Required depending on environmental package

Field name Format Description
depth_m {value} Depth in meters of sample below surface (earth surface if soil, sea/lake bottom if sediment, lake surface if lake, sea level if marine). Generally zero if ground level. Either depth or altitude can have a non-zero value but not both.
altitude_m {value} Height above surface, usually zero unless the mouse is floating in the air. Either depth or altitude can have a non-zero value but not both.
elevation_m {value} Height above sea level in meters (use georeferencing tool).

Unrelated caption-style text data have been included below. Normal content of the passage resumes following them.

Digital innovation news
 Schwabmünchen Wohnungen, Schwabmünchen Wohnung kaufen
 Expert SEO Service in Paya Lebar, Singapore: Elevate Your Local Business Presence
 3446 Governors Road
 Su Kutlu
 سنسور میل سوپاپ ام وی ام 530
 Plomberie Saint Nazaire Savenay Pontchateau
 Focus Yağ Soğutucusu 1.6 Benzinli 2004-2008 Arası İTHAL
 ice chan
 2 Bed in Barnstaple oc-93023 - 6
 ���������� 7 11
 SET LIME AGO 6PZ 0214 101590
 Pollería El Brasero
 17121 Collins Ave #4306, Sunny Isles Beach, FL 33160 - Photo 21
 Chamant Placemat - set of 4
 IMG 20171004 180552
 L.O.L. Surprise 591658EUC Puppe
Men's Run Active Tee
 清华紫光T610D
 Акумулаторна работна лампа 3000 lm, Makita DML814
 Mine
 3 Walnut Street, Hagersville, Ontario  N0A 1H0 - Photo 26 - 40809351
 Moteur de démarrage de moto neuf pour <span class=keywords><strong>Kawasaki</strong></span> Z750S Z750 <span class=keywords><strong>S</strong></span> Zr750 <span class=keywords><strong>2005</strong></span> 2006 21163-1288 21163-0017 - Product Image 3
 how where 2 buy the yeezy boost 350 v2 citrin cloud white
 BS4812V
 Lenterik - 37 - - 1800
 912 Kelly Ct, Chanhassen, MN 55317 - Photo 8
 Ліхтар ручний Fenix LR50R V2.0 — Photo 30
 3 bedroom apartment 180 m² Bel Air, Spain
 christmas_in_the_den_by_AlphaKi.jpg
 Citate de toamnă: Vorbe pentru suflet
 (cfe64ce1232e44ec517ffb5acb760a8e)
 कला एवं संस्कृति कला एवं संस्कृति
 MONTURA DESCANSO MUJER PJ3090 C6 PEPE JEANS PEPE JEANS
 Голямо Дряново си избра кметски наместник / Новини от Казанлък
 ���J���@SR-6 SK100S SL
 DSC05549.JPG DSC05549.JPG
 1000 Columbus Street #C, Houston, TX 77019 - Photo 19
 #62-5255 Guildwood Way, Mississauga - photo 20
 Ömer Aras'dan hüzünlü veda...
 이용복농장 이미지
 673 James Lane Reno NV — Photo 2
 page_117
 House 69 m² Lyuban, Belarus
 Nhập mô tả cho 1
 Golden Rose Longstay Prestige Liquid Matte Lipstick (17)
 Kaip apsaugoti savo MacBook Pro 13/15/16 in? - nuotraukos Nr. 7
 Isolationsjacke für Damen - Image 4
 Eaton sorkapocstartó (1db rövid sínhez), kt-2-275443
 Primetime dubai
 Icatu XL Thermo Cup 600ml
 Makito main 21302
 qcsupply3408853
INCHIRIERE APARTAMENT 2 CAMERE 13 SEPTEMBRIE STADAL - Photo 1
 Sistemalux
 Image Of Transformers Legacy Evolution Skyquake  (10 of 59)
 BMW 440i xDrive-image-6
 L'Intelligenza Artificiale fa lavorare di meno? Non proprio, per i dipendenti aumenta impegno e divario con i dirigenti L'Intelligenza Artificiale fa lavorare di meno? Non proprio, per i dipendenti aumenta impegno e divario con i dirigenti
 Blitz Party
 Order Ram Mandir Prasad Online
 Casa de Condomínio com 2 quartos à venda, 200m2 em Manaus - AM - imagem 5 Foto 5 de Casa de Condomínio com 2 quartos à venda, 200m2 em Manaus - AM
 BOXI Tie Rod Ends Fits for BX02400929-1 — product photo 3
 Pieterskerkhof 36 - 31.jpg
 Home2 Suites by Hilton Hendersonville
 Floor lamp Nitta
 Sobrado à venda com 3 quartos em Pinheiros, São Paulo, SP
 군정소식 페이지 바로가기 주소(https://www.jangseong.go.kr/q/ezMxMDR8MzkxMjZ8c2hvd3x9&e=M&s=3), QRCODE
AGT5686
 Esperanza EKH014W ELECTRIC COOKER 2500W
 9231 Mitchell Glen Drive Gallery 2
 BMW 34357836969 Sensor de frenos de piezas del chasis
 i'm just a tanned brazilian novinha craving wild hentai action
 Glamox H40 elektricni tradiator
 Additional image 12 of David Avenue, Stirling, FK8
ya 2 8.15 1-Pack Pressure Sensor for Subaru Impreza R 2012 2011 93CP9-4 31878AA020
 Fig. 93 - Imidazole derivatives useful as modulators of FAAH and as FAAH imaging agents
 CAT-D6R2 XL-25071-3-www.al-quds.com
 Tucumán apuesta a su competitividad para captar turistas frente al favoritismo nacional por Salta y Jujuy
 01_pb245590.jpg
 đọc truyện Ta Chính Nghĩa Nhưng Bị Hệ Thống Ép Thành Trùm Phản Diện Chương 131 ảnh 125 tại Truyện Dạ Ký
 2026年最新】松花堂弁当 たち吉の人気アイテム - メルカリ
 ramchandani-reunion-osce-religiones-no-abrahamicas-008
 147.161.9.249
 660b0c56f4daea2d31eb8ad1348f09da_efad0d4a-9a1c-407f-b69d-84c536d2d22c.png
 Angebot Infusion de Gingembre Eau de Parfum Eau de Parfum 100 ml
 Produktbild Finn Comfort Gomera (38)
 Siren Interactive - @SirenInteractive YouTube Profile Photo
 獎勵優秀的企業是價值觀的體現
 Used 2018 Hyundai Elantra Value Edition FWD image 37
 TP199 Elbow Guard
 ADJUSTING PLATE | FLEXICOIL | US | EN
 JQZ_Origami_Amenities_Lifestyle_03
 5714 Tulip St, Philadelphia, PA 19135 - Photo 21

Environmental package specific fields

Requirement codes

  • M — Mandatory (the item has to be reported to have MIGS, MIMS or MIMARKS compliant contextual data).
  • C — Conditionally mandatory (the item is mandatory only when applicable to the study, i.e. if this item is not applicable for the study the contextual data will still be MIGS, MIMS or MIMARKS compliant even if it is left out).
  • X — Recommended (the item is not mandatory for a compliant report, but is nice to have, or extra).
  • E — Environment-dependent (the item is only mandatory for certain samples coming from a particular environment. For example ‘depth’ is mandatory for water or sediment samples).
  • ‘-‘ denotes that an item is not applicable for a given checklist.

Additional notes

For all human studies:

  • env_biome = human-associated habitat
  • env_feature = human-associated habitat (organic feature for all?)
  • env_matter = feces, mucus, sebum, breast milk, urine, ear wax (or organic material?)

For all animal studies:

  • env_biome = animal-associated habitat
  • env_feature = animal-associated habitat (organic feature for all?)
  • env_matter = feces (or organic material?)

For all insect studies:

  • env_biome = insect-associated habitat
  • env_feature = insecta-associated habitat (organic feature for all?)
  • env_matter = feces (or organic material?)

EMP Ontology

Values for the EMP Ontology for sample type can also be provided. The relevant fields are empo_0, empo_1, empo_2, and empo_3. See the page EMP Ontology for valid ontology values.